Ce mois d’août était celui de toutes les promesses pour une sortie de crise en Syrie. Il aurait dû voir la mise place d’un organe de transition à Damas, selon le plan établi par la communauté internationale à la fin de l’année dernière. «Nous nous sommes accordés sur le calendrier pour un projet de constitution, choses que nous envisageons pour août», annonçait fin mars encore le secrétaire d’Etat américain, John Kerry, lors d’une rencontre avec le chef de la diplomatie russe, Sergueï Lavrov. A défaut, le 1er août a été la nouvelle date limite fixée par l’ONU pour la reprise des pourparlers à Genève entre le régime de Bachar al-Assad et l’opposition. C’est peu dire que la bataille d’Alep a bousculé le calendrier diplomatique. Pourrait-il en être autrement quand les parrains et les partisans d’une «solution politique» sont pour la plupart engagés militairement, à différents titres, sur le terrain ou dans le ciel syrien ?
«Preuve»
Considérée partout comme «la seule possible», selon la formule consacrée, répétée au Quai d’Orsay et dans d’autres chancelleries, l’issue politique au conflit syrien n’avance pas avec des déclarations. Elle dépend de trop d’acteurs internationaux, régionaux et locaux aux ambitions et aux stratégies opposées, et qui interviennent directement sur le terrain. Les uns et les autres avaient pourtant entamé un processus sérieux en novembre à Vienne. Sans aucun Syrien représenté, les 20 pays les plus impliqués et les plus influents s’étaient mis d’accord sur «une feuille de route pour la paix». Entériné en décembre par une résolution du Conseil de sécurité de l’ONU votée à l’unanimité, le plan devait conduire à l’adoption d’une nouvelle constitution pour la Syrie et à l’organisation d’élections dans les dix-huit mois suivants. Un Groupe international de soutien à la Syrie (Giss) a été constitué à Vienne pour suivre l’application du plan. Ses coprésidents, la Russie et les Etats-Unis, ont souvent préféré gérer le dossier à deux. Les partenaires européens, arabes, iranien ou turc, mais aussi les Syriens eux-mêmes attendaient l’issue du dialogue entre Kerry et Lavrov pour tenter de comprendre ou peser sur leurs orientations.

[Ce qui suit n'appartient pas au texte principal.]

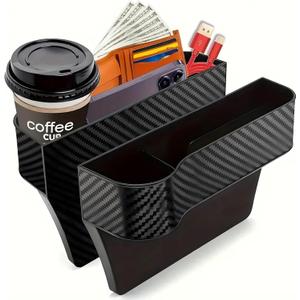 2 Pack Car Seat Gap Filler Organizer, Auto Console Side Extra Storage Boxes, Automotive Front Seat Storage with Cup Holder, Seat Side Storage - Passenger Side&Driver SideCarbon Fiber Pattern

Samedi, dans une lettre adressée à ses homologues américain et russe, Jean-Marc Ayrault a exhorté Washington et Moscou à «donner la preuve du sérieux de leur engagement» pour une solution politique en Syrie et à «tout mettre en œuvre pour conjurer l’échec». Le ministre français des Affaires étrangères évoque «une dernière chance de prouver la crédibilité et l’efficacité du processus politique lancé il y a près d’un an à Vienne».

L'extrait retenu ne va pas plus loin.